#### Source data:

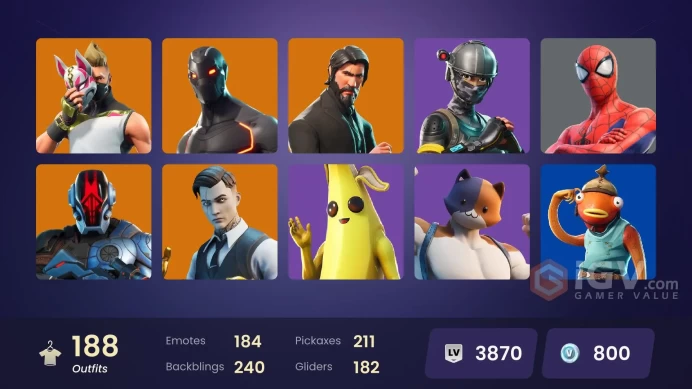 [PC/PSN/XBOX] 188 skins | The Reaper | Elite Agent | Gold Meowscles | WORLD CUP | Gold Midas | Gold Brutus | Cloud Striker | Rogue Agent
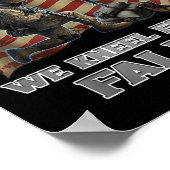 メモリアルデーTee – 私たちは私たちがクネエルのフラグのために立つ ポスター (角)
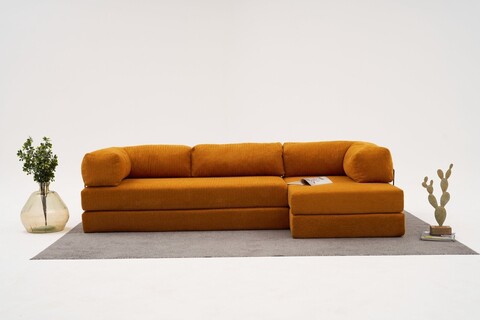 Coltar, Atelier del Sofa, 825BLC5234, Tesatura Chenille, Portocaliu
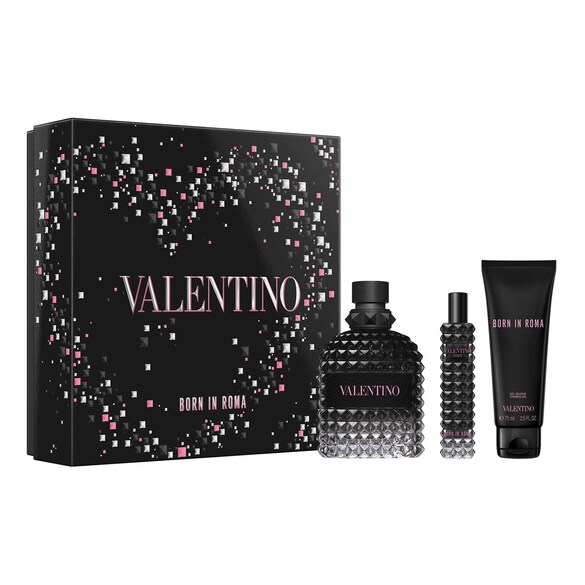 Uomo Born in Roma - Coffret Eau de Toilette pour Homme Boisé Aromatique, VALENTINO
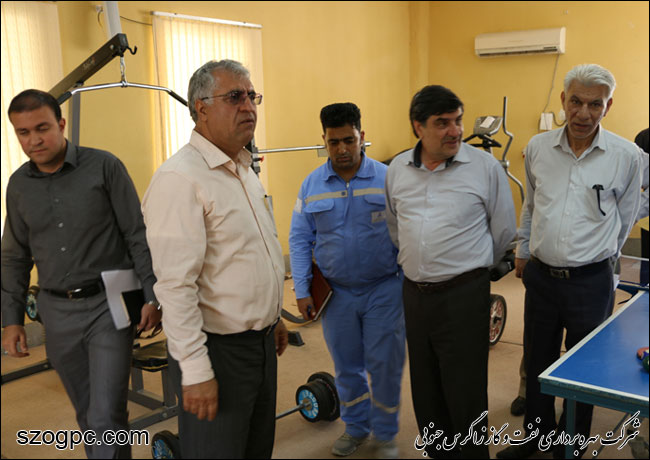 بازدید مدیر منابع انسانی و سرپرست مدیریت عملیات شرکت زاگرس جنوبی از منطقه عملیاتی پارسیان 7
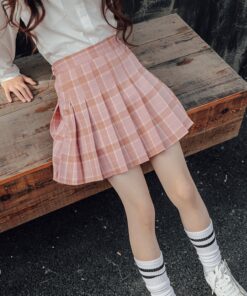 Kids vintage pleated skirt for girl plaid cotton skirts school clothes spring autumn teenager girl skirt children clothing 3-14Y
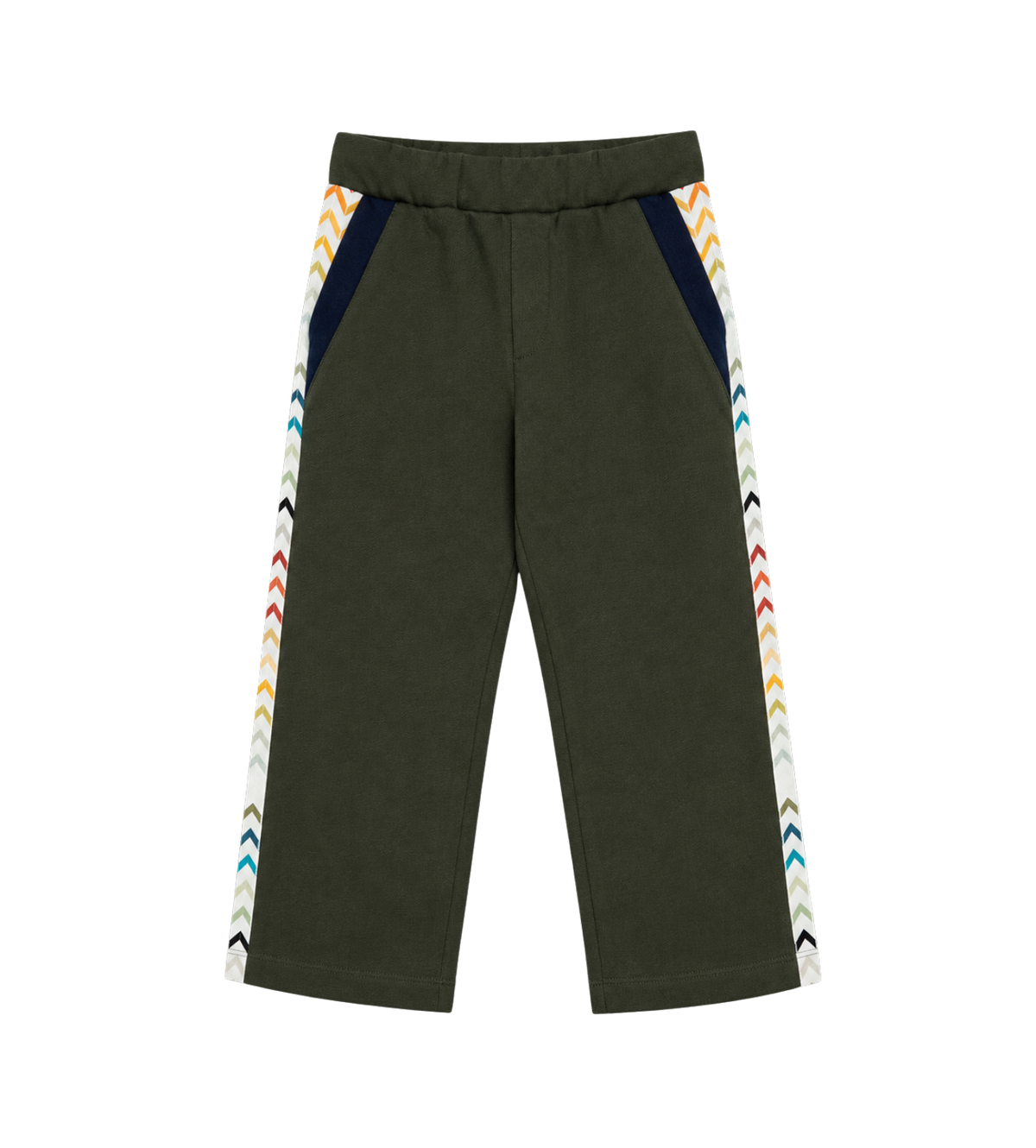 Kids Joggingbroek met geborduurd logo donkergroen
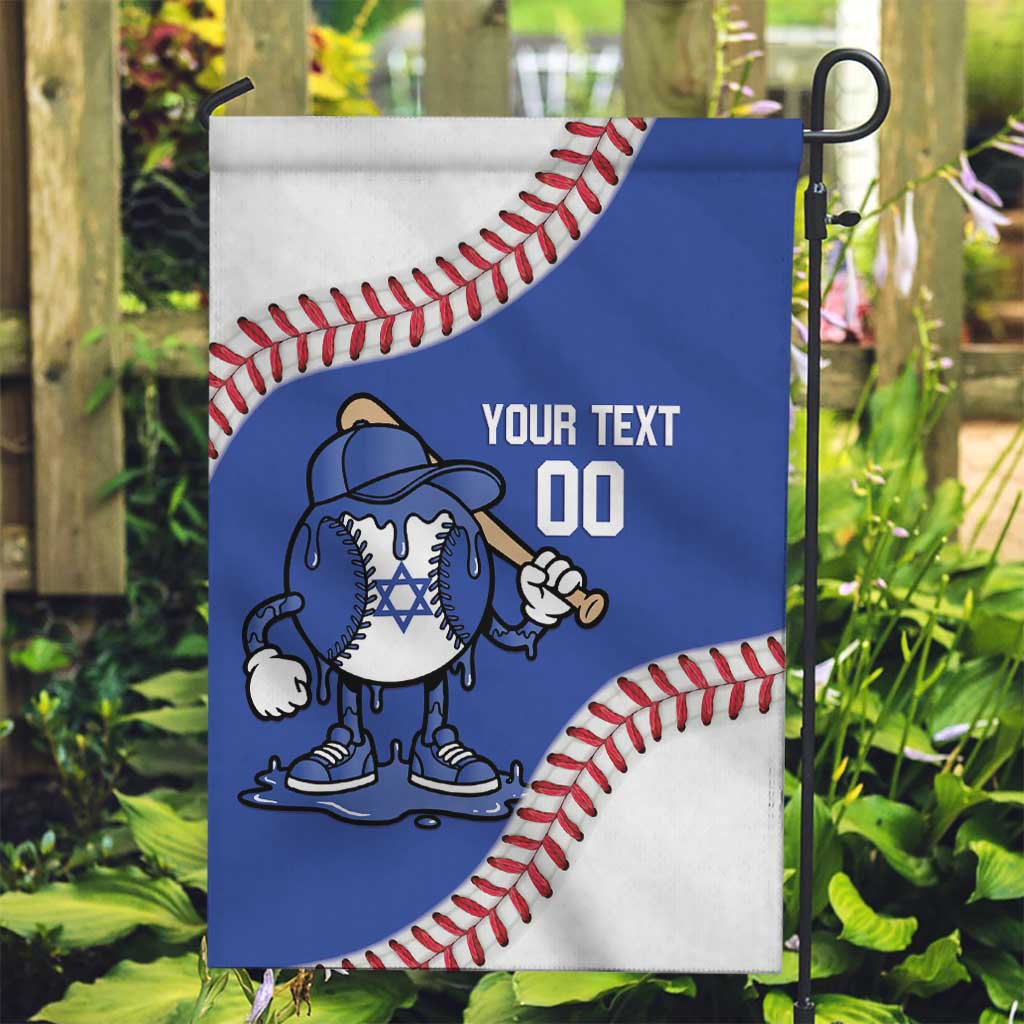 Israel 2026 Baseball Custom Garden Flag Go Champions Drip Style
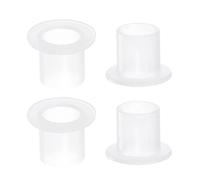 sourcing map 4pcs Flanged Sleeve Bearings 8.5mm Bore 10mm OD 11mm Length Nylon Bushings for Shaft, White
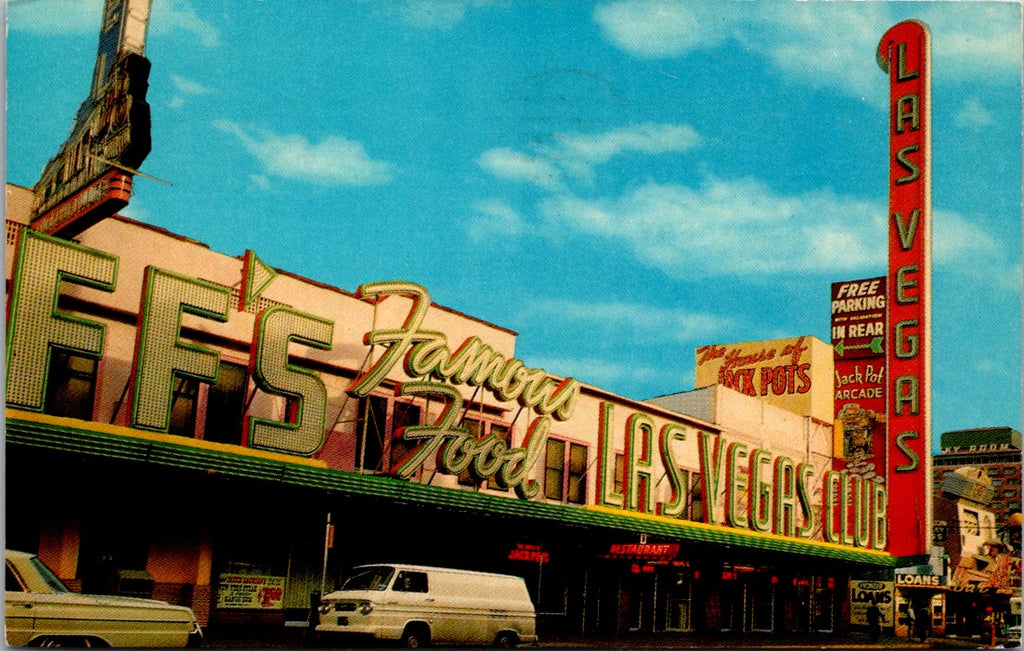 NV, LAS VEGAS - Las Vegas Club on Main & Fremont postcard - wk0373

#### Work to be completed:
Produce a verbatim copy of every entry, excluding pictures.

#### Answer area:
 [PC/PSN/XBOX] 188 skins | The Reaper | Elite Agent | Gold Meowscles | WORLD CUP | Gold Midas | Gold Brutus | Cloud Striker | Rogue Agent
 メモリアルデーTee – 私たちは私たちがクネエルのフラグのために立つ ポスター (角)
 Coltar, Atelier del Sofa, 825BLC5234, Tesatura Chenille, Portocaliu
 Uomo Born in Roma - Coffret Eau de Toilette pour Homme Boisé Aromatique, VALENTINO
 بازدید مدیر منابع انسانی و سرپرست مدیریت عملیات شرکت زاگرس جنوبی از منطقه عملیاتی پارسیان 7
 Kids vintage pleated skirt for girl plaid cotton skirts school clothes spring autumn teenager girl skirt children clothing 3-14Y
 Kids Joggingbroek met geborduurd logo donkergroen
 Israel 2026 Baseball Custom Garden Flag Go Champions Drip Style
 sourcing map 4pcs Flanged Sleeve Bearings 8.5mm Bore 10mm OD 11mm Length Nylon Bushings for Shaft, White
 NV, LAS VEGAS - Las Vegas Club on Main & Fremont postcard - wk0373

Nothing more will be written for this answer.